= What the exercise asks =
Where the line holding "Construction brochure design" appears, start copying, and continue exactly through the last line of the listing, skipping pictures.

= Working data =
*** Begin section ***

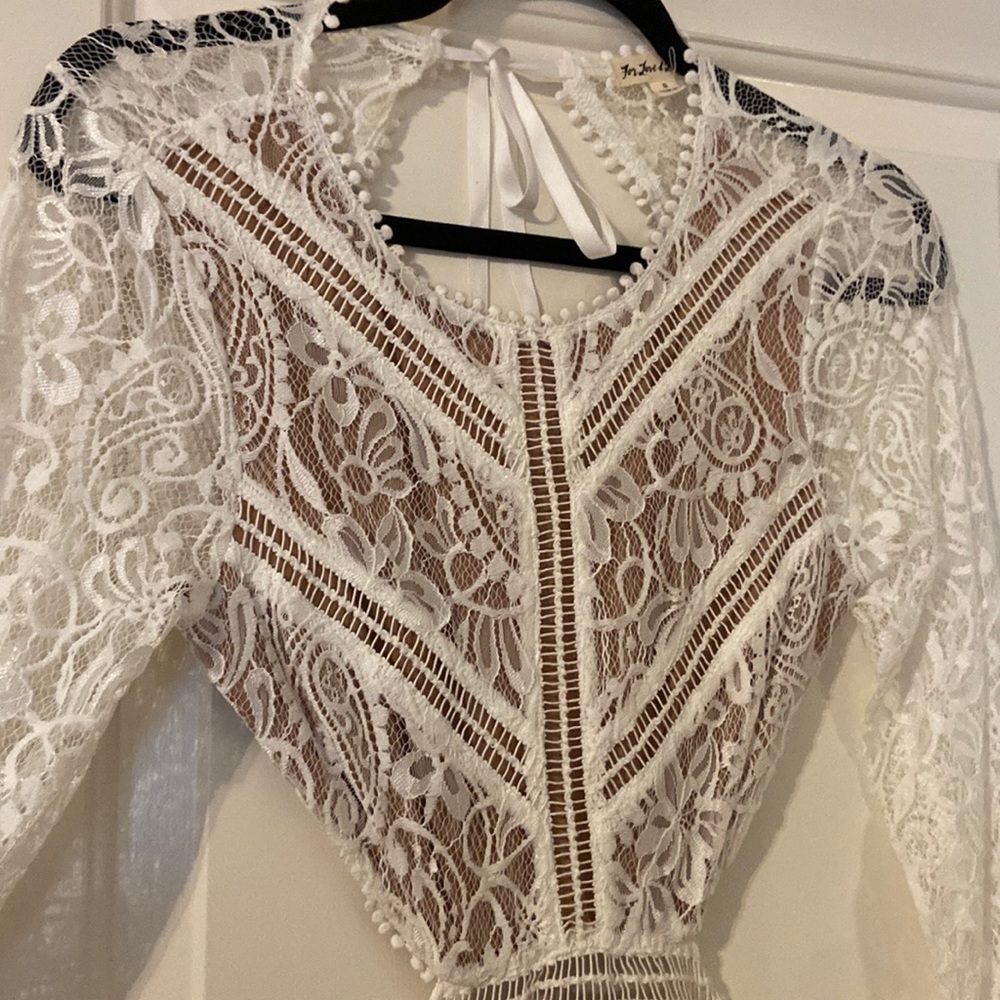 For Love & Lemons White backless dress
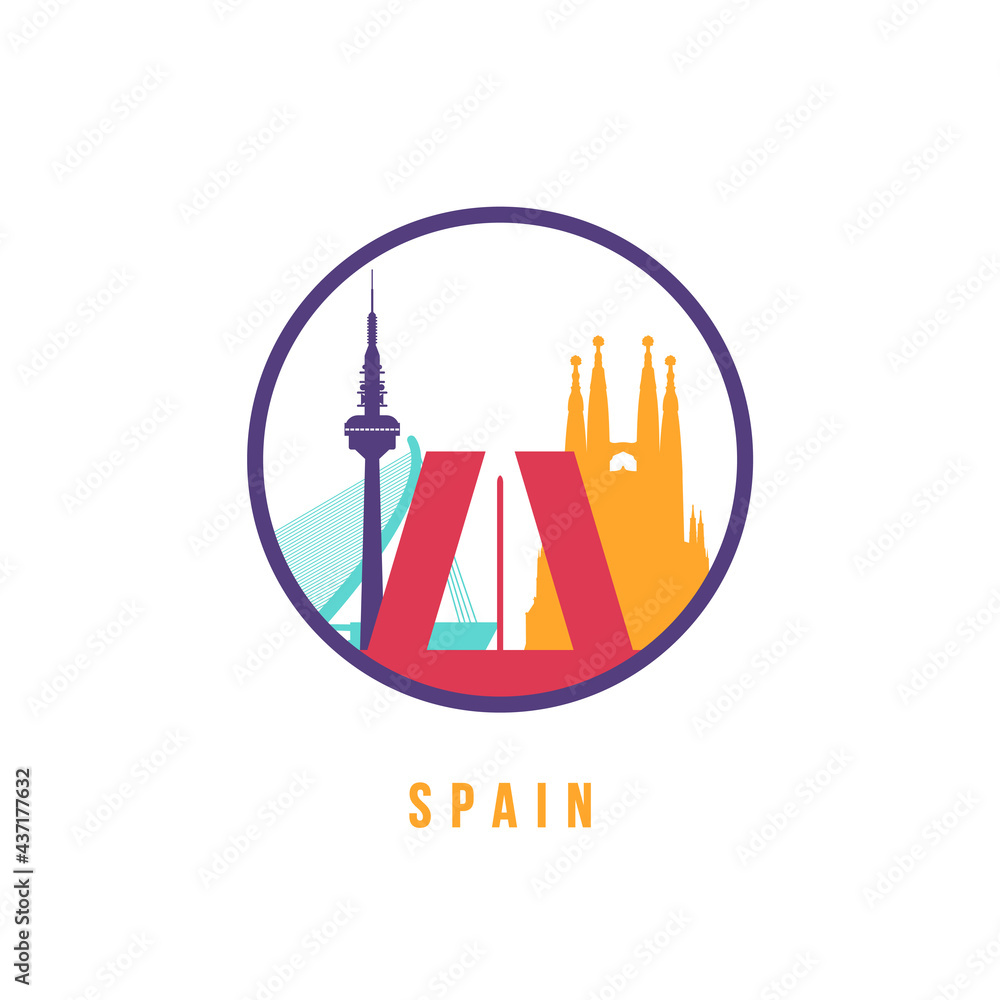 Famous Spain landmarks silhouette. Colorful Spain skyline round icon. Vector template for postmark, stamp, badge or logo. Famous Spain landmarks silhouette. Colorful Spain skyline round icon. Vector template for postmark, stamp, badge or logo.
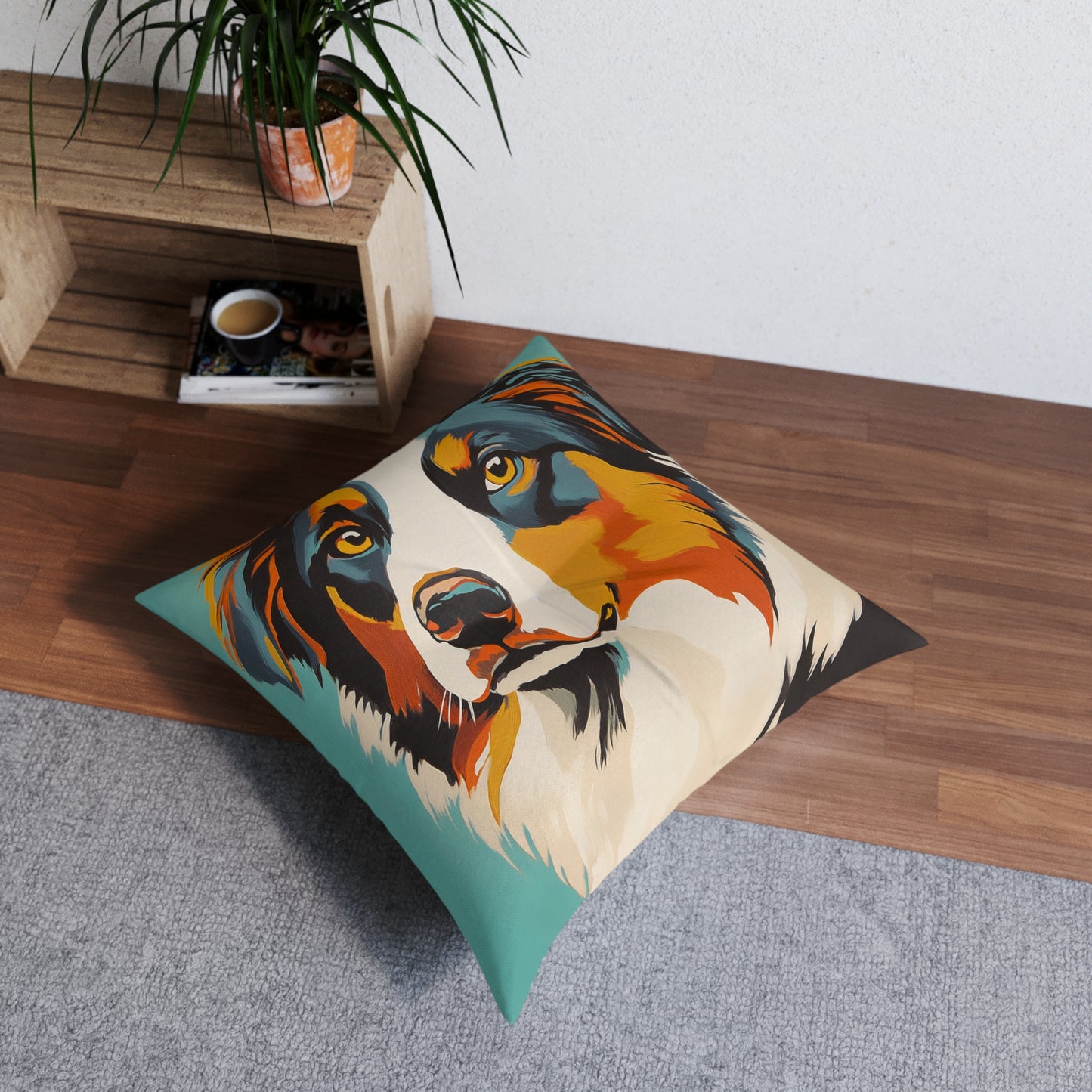 Mid Century Modern Pillow Colorful Australian Shepherd Face Tufted Floor Pillow | Square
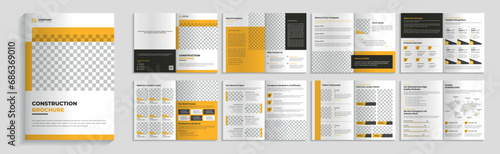 Construction brochure design template with yellow and black color, real estate brochure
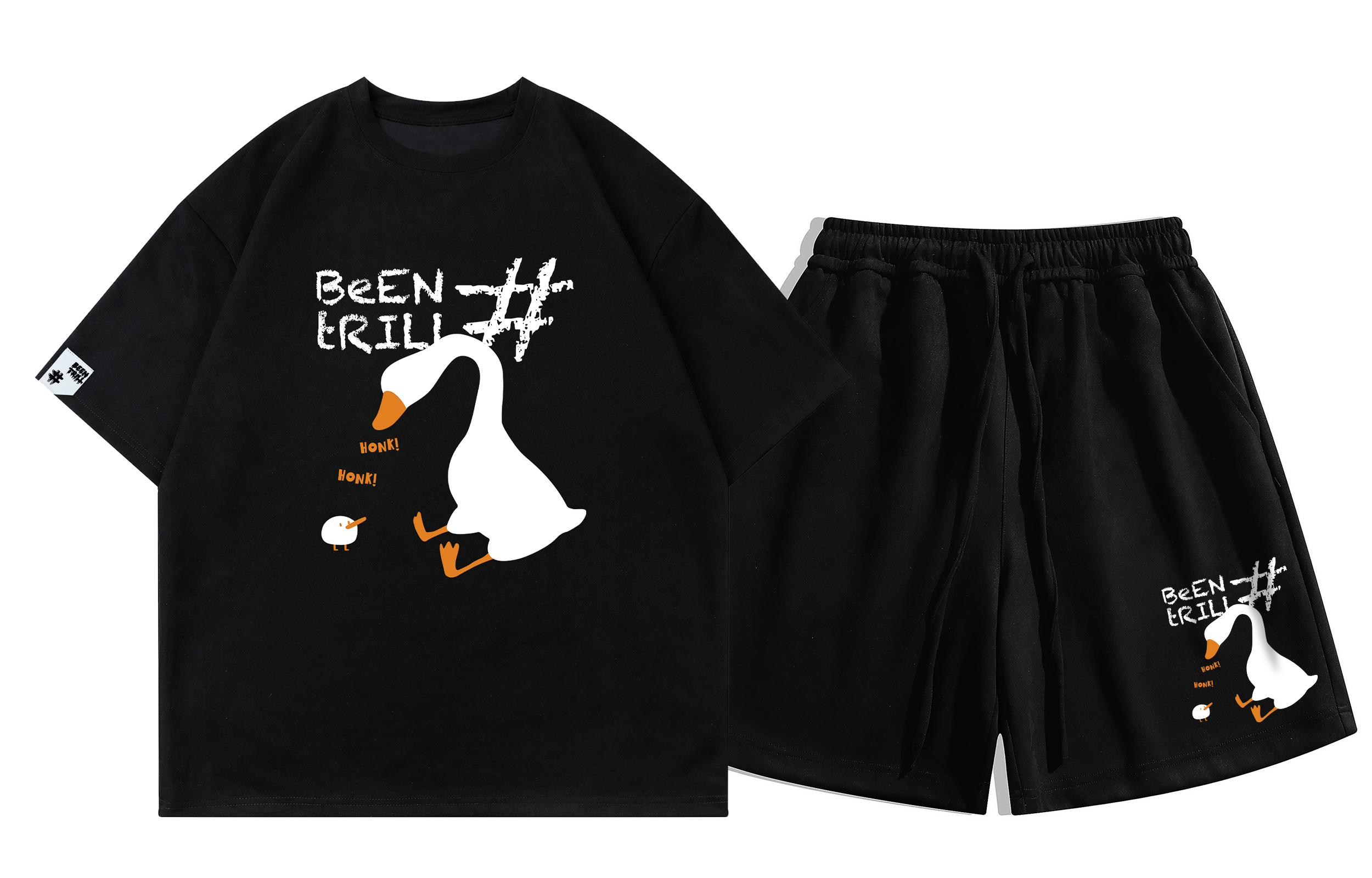 BEENTRILL Casual Sportswear Unisex Crew Neck Moderate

*** End section ***

= Response to this exercise =
 Construction brochure design template with yellow and black color, real estate brochure
 BEENTRILL Casual Sportswear Unisex Crew Neck Moderate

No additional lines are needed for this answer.